DATASET EXCERPT:
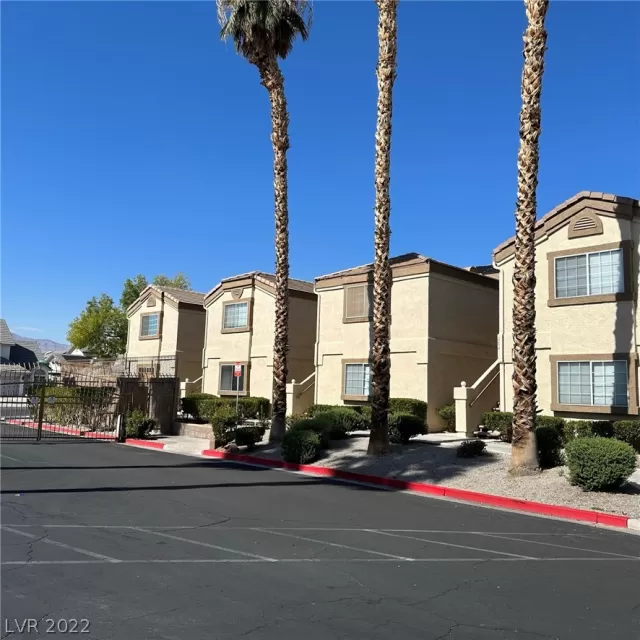 MLS: 2447079 Condo For Sale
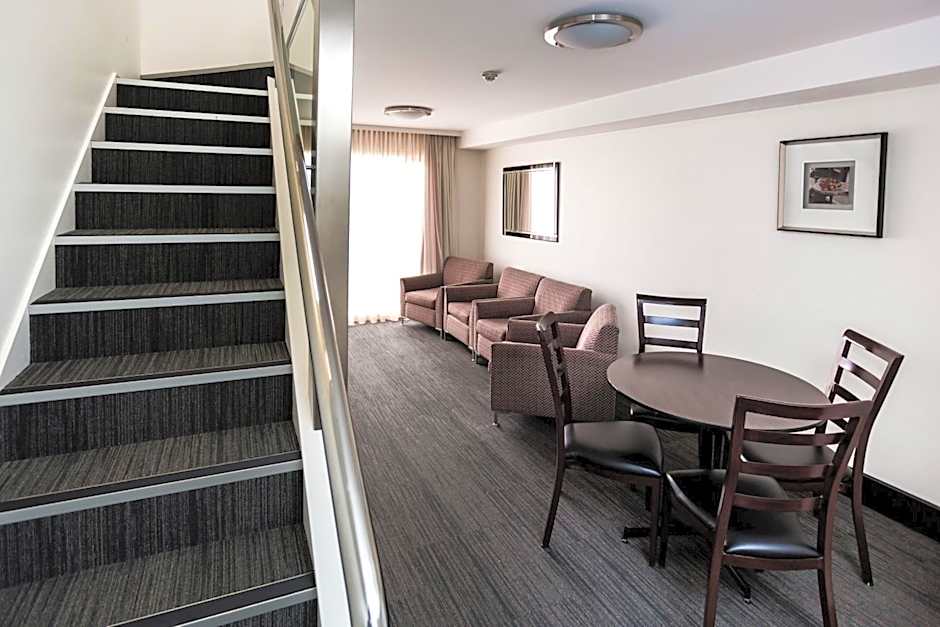 St Ives Motel Apartments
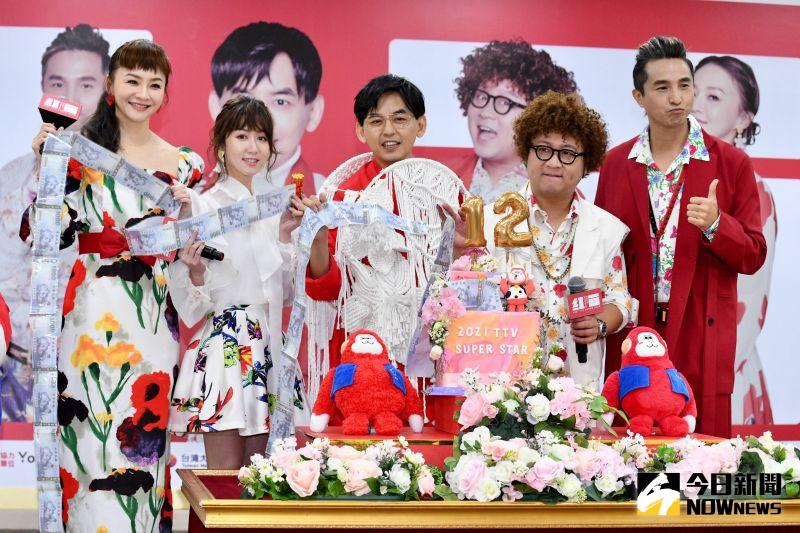 ▲花花(左起)、瑪麗、黃子佼、納豆、王少偉出席主持人亮相記者會。(圖/記者林柏年攝)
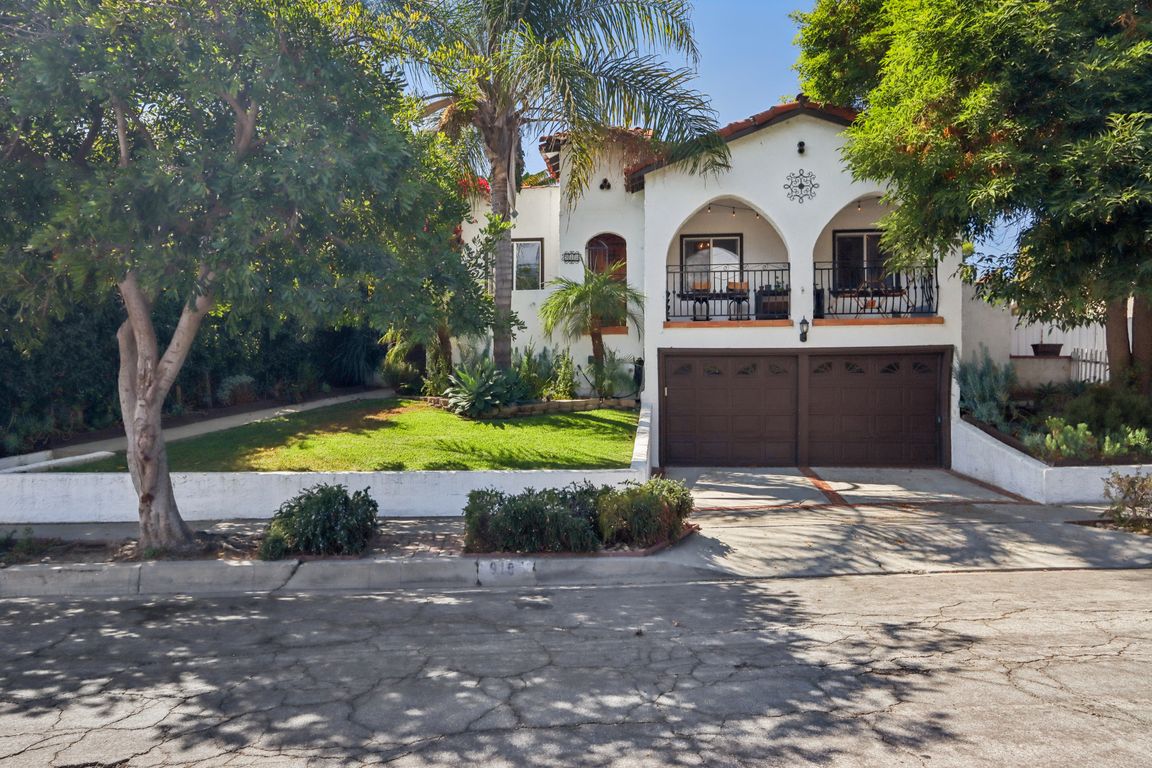 N Chester Ave-S1010-001.jpg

ABOUT THIS TASK: For this task, give the full listing again verbatim and keep out every picture.

RESPONSE TO THIS EXERCISE:
 MLS: 2447079 Condo For Sale
 St Ives Motel Apartments
 ▲花花(左起)、瑪麗、黃子佼、納豆、王少偉出席主持人亮相記者會。(圖/記者林柏年攝)
 N Chester Ave-S1010-001.jpg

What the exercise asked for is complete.